All creatures great and small

As the great wolf debate rages on in court today I am saddened by the thought that by tomorrow hundreds of thousands of hunters may converge on the packs that have now made Idaho their home.

I myself have yet to encounter a wolf in the 'wild' here although I spend almost every day out there; whether it be for work, pleasure or just obligation to dog I walk hundreds of miles and spend thousands of hours throughout south central Idaho many places of which the wolves call home. Someday I hope to encounter one or more here however I fear that if the wolf harvest does come to fruition I may never have the chance.

I don't know what the answer is in regards to humans and wolves coexisting in the same place. Our management of the wolves and their reintroduction into Idaho has gotten us where we are today and today there are many very angry people on both sides of the debate with I believe humans and wolves both suffering.

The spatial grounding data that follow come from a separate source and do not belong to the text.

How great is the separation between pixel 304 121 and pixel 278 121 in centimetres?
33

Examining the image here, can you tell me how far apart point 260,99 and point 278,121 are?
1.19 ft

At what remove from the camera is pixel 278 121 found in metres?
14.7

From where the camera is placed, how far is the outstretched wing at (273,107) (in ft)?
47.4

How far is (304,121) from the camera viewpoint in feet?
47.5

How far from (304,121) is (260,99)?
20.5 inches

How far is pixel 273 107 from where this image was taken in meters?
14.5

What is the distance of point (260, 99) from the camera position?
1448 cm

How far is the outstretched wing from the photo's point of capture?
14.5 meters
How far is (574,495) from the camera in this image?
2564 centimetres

I wish I had a photograph or two of a wolf to share but since I don't I will substitute other various photos of numerous creatures that I have come across here in Idaho all of which have caused me to pause and be thankful. (The photograph of the moose was taken in Maine though but I couldn't leave it out as it is the most magnificent creature I myself have come across in the 'wild'.)

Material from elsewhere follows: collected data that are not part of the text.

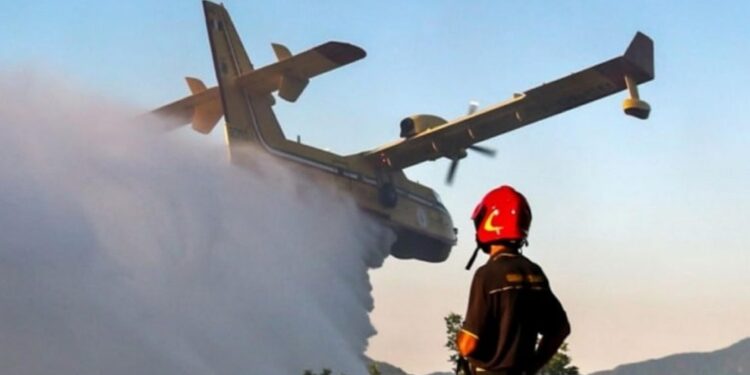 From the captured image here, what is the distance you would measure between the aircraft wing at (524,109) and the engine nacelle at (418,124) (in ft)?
0.49

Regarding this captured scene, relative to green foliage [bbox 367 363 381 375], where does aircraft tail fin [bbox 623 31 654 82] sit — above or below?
above

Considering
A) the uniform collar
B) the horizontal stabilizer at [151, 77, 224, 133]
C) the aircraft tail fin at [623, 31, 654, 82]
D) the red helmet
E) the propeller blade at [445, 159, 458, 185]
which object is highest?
the horizontal stabilizer at [151, 77, 224, 133]

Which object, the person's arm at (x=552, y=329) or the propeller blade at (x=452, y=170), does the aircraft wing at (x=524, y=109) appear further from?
the person's arm at (x=552, y=329)

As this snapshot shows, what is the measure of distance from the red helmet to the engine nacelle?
36.0 m

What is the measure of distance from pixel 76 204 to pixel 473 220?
28108mm

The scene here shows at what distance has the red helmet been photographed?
4691mm

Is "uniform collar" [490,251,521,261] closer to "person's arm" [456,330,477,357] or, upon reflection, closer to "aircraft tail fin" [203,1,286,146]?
"person's arm" [456,330,477,357]

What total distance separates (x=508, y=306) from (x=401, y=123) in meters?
36.6

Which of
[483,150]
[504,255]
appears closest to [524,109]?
[483,150]

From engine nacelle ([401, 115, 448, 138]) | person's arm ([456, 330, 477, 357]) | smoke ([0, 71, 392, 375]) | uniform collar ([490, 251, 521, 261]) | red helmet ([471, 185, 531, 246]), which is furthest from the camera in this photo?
engine nacelle ([401, 115, 448, 138])

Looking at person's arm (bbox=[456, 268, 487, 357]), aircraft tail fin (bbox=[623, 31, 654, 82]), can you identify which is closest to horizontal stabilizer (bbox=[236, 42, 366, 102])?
aircraft tail fin (bbox=[623, 31, 654, 82])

Saving the best for last. A coyote that dog and I ran into two weeks ago. A very fat and happy one. We ran into it as we were hiking into a stream bed for work and it took pause before it continued down the slope ahead of us. We saw it again a few hours later tracking us from above.

In closing an excerpt from A Sand County Almanac,
“Thinking Like a Mountain”, by Aldo Leopold

"We were eating lunch on a high rimrock, at the foot of which a turbulent river elbowed its way. We saw what we thought was a doe fording the torrent, her breast awash in white-water. When she climbed the bank toward us and shook out her tail, we realized our error: it was a wolf. A half-dozen others, evidently grown pups, sprang from the willows and all joined in a welcoming melee of wagging tails and playful maulings...

In those days, we had never heard of passing up a chance to kill a wolf...When our rifles were empty, the old wolf was down, and a pup was dragging a leg into impassable slide-rocks.

We reached the old wolf in time to watch a fierce green fire dying in her eyes. I realized then, and have known ever since, that there was something new to me in those eyes–something known only to her and the mountain. I was young then, and full of trigger-itch; I thought that because fewer wolves meant more deer, that no wolves would mean hunter's paradise. But after seeing the green fire die, I sensed that neither the wolf nor the mountain agreed with such a view."

1 comment:

  1. Oh man! That excerpt made me cry!! I know the argument against the wolves, but I cannot imagine killing that animal... Well, any,... But, it's shameful. Humans are the ones who are growing in an inappropriate abundance, and yet we will just kill anything in our way without passing glance at what we are destroying!